这已经绝不仅仅是场主观的幻觉,而是他们补充了极为海量的数据之后,正不断调试、不断自行修改的备选世界支线。
——他们一路跟着回溯,看着温絮白的生命一点一点被独立剥离出来,也看着那半截支线一的进度慢慢掉向尽头。
支线一已经看不出任何进度,正在持续缓慢地塌毁崩解。
因为这条世界支线之外,尚且有凶手正在服刑。
……因为二十二岁的温絮白,曾经寄出过一封信。
这封信当然没有被寄丢,现在这个年代,能被寄丢的信已经很少了。
温絮白用每天十分钟的时间,靠极为模糊的视野,慢慢地写这封信。
他的措辞很有分寸,也很审慎,他在里面夹了自己的工资流水——在高中时,温絮白就已经开始打工,兼职剪辑和摄影修图,也接翻译的商单。

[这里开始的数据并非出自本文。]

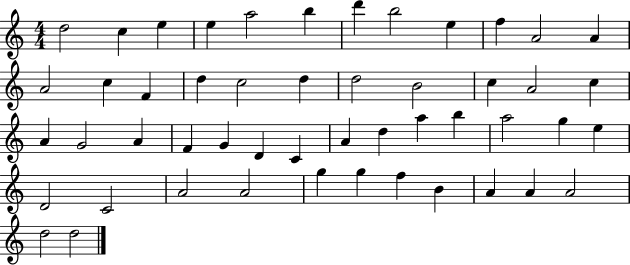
{
  \clef treble
  \numericTimeSignature
  \time 4/4
  \key c \major
  d''2 c''4 e''4 | e''4 a''2 b''4 | d'''4 b''2 e''4 | f''4 a'2 a'4 | \break a'2 c''4 f'4 | d''4 c''2 d''4 | d''2 b'2 | c''4 a'2 c''4 | \break a'4 g'2 a'4 | f'4 g'4 d'4 c'4 | a'4 d''4 a''4 b''4 | a''2 g''4 e''4 | \break d'2 c'2 | a'2 a'2 | g''4 g''4 f''4 b'4 | a'4 a'4 a'2 | \break d''2 d''2 | \bar "|."
}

这次眼睛会出问题,在某种程度上,其实也是由于事态越来越紧急、急需挣来足够的钱,温絮白在近期给自己安排的工作稍微有些超量。
但不论怎么说,通过日夜不休的工作,这些年下来,温絮白终于攒够了需要的钱。
于是他把收入凭证复印好,工整地放进信封,给裴陌写信:已有足够资金,可承担所需花销。
温絮白很能挣,这是相当可观的一笔钱。
包括生病住院治疗的钱,包括路费、暂住酒店、租房子的钱,也包括……裴陌出国留学,读商科的学费和生活费。
温絮白把它们分门别类,每一笔都算到小数点后一位。
写这封信的时候,因为房间里的光线不够,所以温絮白通常需要坐在窗前。